COMMERCIAL AND INDUSTRIAL MATHEMATICS

April 18, 2024

Seminar Series


October 25, 1999
Topic: Document Resemblance and Related Issues
Speaker: Andrei Broder, Chief Technology Officer at AltaVista

ABSTRACT:

People often claim that two web pages are "the same" or "roughly the same", even though classic distances on strings (Hamming, Levenshtein, etc.) might indicate that the two pages are far apart.

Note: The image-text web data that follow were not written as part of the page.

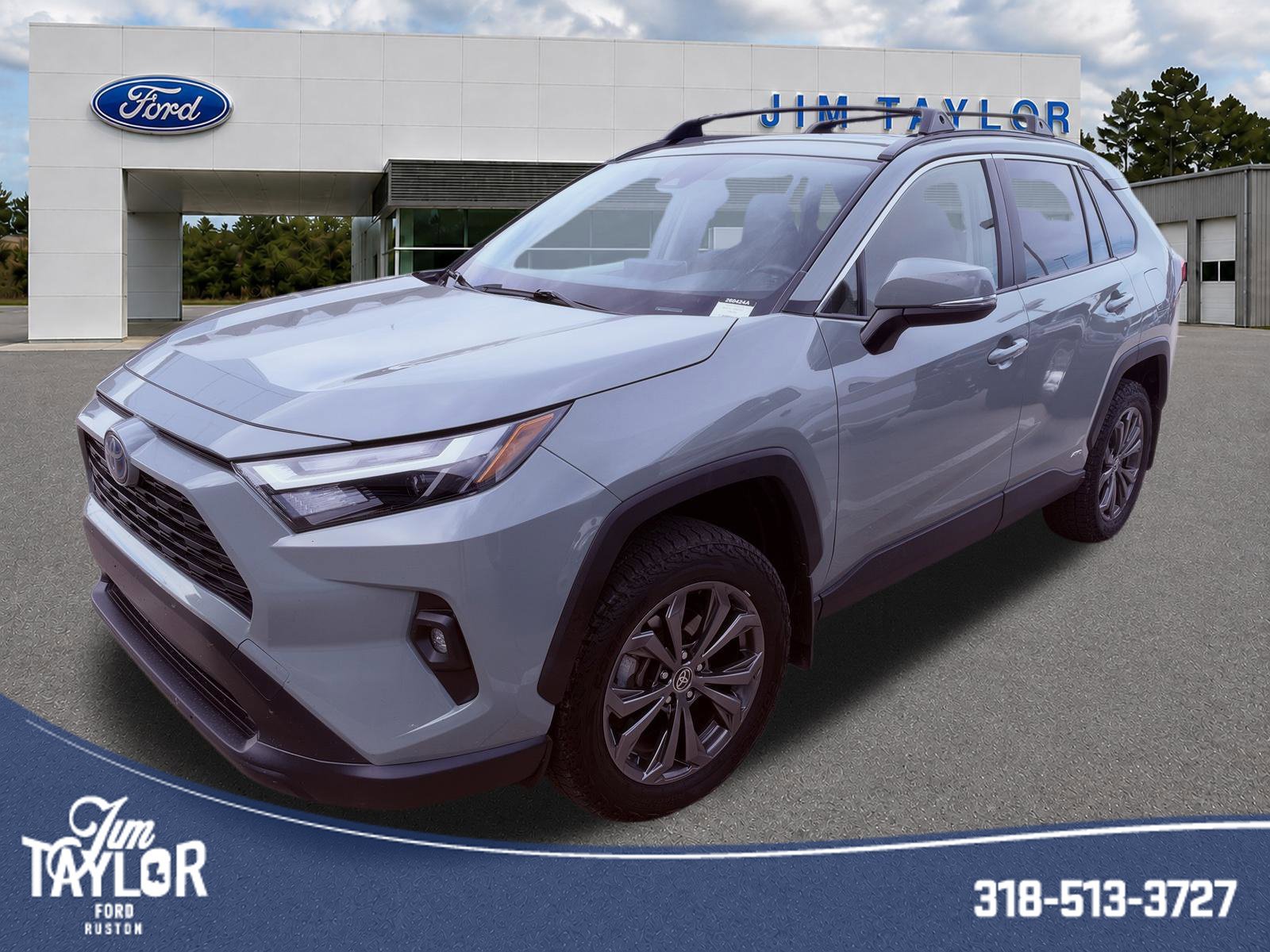 Used 2023 Green Toyota XLE Premium image 1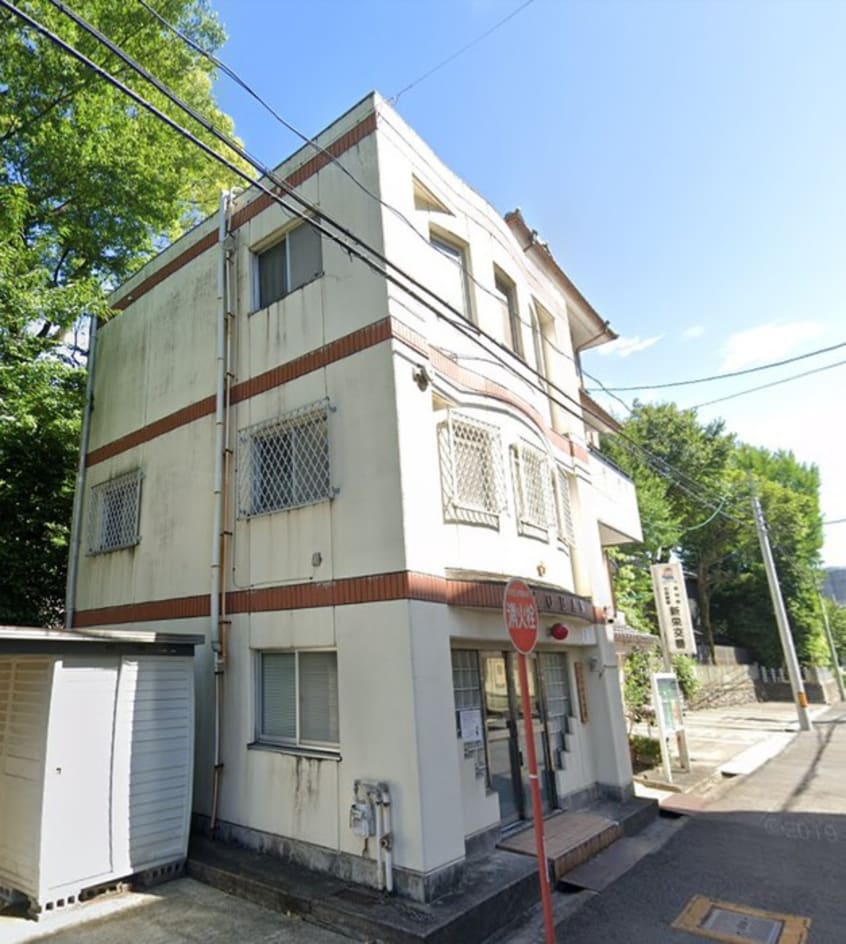 新栄交番(警察署/交番)まで750m 向陽ビル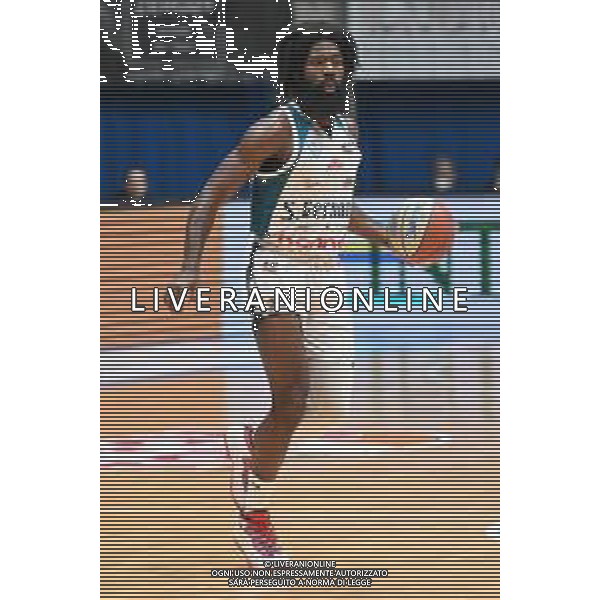 ¬© TVRG Robert Johnson (Cantu\') San Bernardo-Cinelandia Park Cantu\' vs Urania Milano 12a giornata - Campionato Serie A2 girone verde Desio (MB) 21-12-2021 PalaBancoDesio foto Roberto Garavaglia/ag. Aldo Liverani sas/AGENZIA ALDO LIVERANI SAS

To formalize these intuitive ideas we defined the mathematical concept of document resemblance. The resemblance can be estimated using a fixed size "sketch" for each document. For a large collection of documents (say 200 million) the size of this sketch is of the order of a few hundred bytes per document. However, for efficient large scale web indexing it is not necessary to determine the actual resemblance value: it suffices to determine whether newly encountered documents are duplicates or near-duplicates of documents already indexed; In other words, it suffices to determine whether the resemblance is above a certain threshold. We show how this determination can be made using a "sample" of less than 50 bytes per document.

The basic approach for computing resemblance has two aspects: first, resemblance is expressed as a set intersection problem, and second, the relative size of intersections is evaluated by a process of random sampling that can be done independently for each document. The process of estimating the relative size of intersection of sets and the threshold test discussed above can be applied to arbitrary sets, and thus might be of independent interest.

The ideas for filtering near-duplicate documents discussed here have been successfully implemented and are in current use in the context of the AltaVista search engine. This talk is tilted towards "algorithm engineering" rather than "algorithm analysis" and very little mathematical background is required.

BIOGRAPHICAL SKETCH

Andrei Broder is chief technology officer of the AltaVista Search division in the AltaVista Company. Previously he was a senior member of the research staff at Compaq's Systems Research Center in Palo Alto, California. He graduated from Technion, Israel's Institute of Technology, and did his Ph.D. in Computer Science at Stanford University under Don Knuth. He has written and co-authored more than 60 scientific papers and numerous patents. His main research interests are the design, analysis, and implementation of probabilistic algorithms and supporting data structures, in particular in the context of web-scale applications.